May 19, 2014 by Deborah W. Trotter
The last half mile requires climbing the narrow spine of the monolith with sheer dropoffs on either side, sometimes pulling yourself hand over hand along chains attached to the rock, sometimes scrambling over slickrock or up “stairways” of boulders until you reach the relatively flat “landing.”
The first time I attempted this ascent I was quite terrified, both for myself and for my four teenage children who disappeared from view almost immediately, leaving my husband and me to pick our way slowly to the top. That was in 2005 (read about that here if you wish), and although I was quite proud of my accomplishment, I did not expect to do it ever again.
Well, doesn’t life have a way of being totally unpredictable? When half my family (two of my sons and I) spent a long weekend in Zion earlier this month, of course we couldn’t resist the pull of Angels Landing.

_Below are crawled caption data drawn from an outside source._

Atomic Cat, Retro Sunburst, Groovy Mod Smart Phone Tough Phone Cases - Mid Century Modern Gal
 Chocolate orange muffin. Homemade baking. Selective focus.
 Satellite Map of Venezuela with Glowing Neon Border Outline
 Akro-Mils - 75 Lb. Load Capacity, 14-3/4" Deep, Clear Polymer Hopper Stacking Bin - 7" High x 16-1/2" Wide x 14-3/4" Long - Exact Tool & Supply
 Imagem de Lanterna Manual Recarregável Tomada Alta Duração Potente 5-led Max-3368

The odd thing for me is that I was much less terrified this time and was actually able to look down occasionally as we climbed that last half mile and even take some photographs, neither of which I was able to do in 2005. Maybe a diminishing discomfort with heights is just one more unsung benefit of aging!
The National Park Service publications warn that you should not attempt to climb Angels Landing if you have a fear of heights, and also remind you to carry and drink plenty of water when you hike in Zion because it is easy to become dehydrated in the dry heat when you are not really aware of how much you are sweating. My own advice in addition to theirs is to start this hike/climb in the late afternoon. The Canyon wall is mostly in the shade by then, and therefore the trail is cooler, and the crowds of people will be mostly gone from the top by the time you get there.
In addition, the early evening light sets the Canyon and river aglow.
One final note: This popular hike might one day require a permit. We heard from one of the shuttle drivers that the Park Service may be considering instituting a system similar to the one that restricts the number of people allowed to climb Half Dome in Yosemite National Park. So if you want to go to Zion National Park and get to the top of Angels Landing, don’t wait too long!